I changed my air filter to a K&N air filter which seemed to help a little bit. Then just recently I got the exhaust from the engine to the catalytic converter replaced under warranty (I just bought mine a month ago) and it doesnt seem to vibrate at all now when stopped in drive.


----------



## quadraria10 (Jul 6, 2010)

Just saw this post, and wanted to share my experience. I used to have a vibration at stops, that I could eliminate by putting the transmission into neutral. After doing a manual double drain and fill of the auto transmission fluid, no more vibration or rough idling whatsoever. I used the Castrol ATF for imports including Nissan. It also shifts beautifully. The Nissan service manual specifies to do drain and fill and repeat if fluid is still dirty. I did my second drain and fill a week after the first. By my calculation this means I have replaced approx 65% of the original ATF. Was going to do a third change to get to 80% or so but I got busy and then weather got cold. I will do another drain and fill when summer comes.


----------



## ckdub (Feb 11, 2014)

Did you require a new tranny drain plug washer in your flush? Plan to do in spring. Thanks


----------



## quadraria10 (Jul 6, 2010)

Says to in the manual, but when I called the dealership to get one, they said they would have to special order one, and added that they just reuse the old one. Nothing special about it, just a thin brass washer, but I do not know the exact size. I just reused my existing one. Checked for leak later and its fine. Good luck with it. Really makes a difference. I think it refreshes the lubricants and cleans the torque converter a bit, and consequently the torque converter runs smoother without the annoying vibration.


----------



## ckdub (Feb 11, 2014)

Thanks for the input. I'm def. going to do it this spring...110,000km so good time to that - looking at the Castrol Import or Valvoline Maxlife which both seem compatible...
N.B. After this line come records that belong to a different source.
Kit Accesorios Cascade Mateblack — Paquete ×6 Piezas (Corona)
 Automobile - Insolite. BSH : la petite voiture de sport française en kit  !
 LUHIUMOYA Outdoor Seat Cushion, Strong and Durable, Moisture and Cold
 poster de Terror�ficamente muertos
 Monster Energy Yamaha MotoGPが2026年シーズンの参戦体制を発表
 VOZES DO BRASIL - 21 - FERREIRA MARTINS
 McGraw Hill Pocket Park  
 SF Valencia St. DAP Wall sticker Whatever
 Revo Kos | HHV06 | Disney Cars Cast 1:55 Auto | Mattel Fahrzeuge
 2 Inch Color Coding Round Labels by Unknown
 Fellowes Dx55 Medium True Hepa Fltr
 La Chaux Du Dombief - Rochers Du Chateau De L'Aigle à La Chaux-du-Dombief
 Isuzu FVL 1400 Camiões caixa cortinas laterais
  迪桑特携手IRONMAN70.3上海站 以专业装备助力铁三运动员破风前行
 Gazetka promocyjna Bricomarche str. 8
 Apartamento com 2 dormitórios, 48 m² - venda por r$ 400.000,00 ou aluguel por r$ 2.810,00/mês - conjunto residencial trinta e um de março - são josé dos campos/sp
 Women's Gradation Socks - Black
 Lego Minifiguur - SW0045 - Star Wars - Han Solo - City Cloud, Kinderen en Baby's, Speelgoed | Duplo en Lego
Then maybe look into coolant drain/fill... now's the time to ensure this drives another 110,000 or more... that I think I need genuine nissan coolant?

Wonder if time to do transfer case or rear diff fluild. I will do a search to see if there's any DIY instructions for those items.


----------



## rogoman (Dec 16, 2004)

glom said:


> Hello all,
> 
> i am new to this site. I took my 2005 xtrail 123,000 km 2.5 engine for an oil change and maintenance package 2 (canada) with dealer. ended up getting a transmission flush, interior cabin filter change, brake clean up/lubrication and tires rotated. Problem is before i brought the car in it purred like a kitty and drove great NOW
> 1. eratic idling when in drive but stopped and engine rattles
> ...


From reading your post, it sounds like maybe a cylinder is not firing. How does it idle when in park or neutral? You might want to do an ECU code readout to see if any fault codes got set.

I try to tell people to avoid doing A/T flushes unless absolutely necessary. Many times flushes introduce new problems.


----------



## ckdub (Feb 11, 2014)

rogoman said:


> ...
> 
> I try to tell people to avoid doing A/T flushes unless absolutely necessary. Many times flushes introduce new problems.


How/when can you tell it's absolutely necessary - until then just top up as required?? Or are you mean avoid the flush and opt for less invasive drain/refill a couple times?


----------



## quadraria10 (Jul 6, 2010)

I would stay away from the flush as well, but nothing wrong with doing a drain and fill. Just make sure you use appropriate transmission fluid. Re coolant I used Prestone multi vehicle for Japanese cars. For front transfer case and rear differential used Valvoline Gear oil. If your coolant has never been changed, I would say its due now. I would stay away from places that flush and then recycle and condition the coolant. Probably not as bad as Transmission flush in terms of risk of damaging your vehicle, but I am convinced its not as good as using fresh coolant. Front transfer case gear oil is worth changing. Mine was filthy and degrading. Unlike the rear its a pain to get at, and I suspect many owners neglect having it changed.


----------



## rogoman (Dec 16, 2004)

ckdub said:


> How/when can you tell it's absolutely necessary - until then just top up as required?? Or are you mean avoid the flush and opt for less invasive drain/refill a couple times?


Just avoid the flush and only do a drain/refill like every 30,000 mi. If the A/T is just not working correctly and everything else was tried, then as a last resort, a flush might be warranted.


----------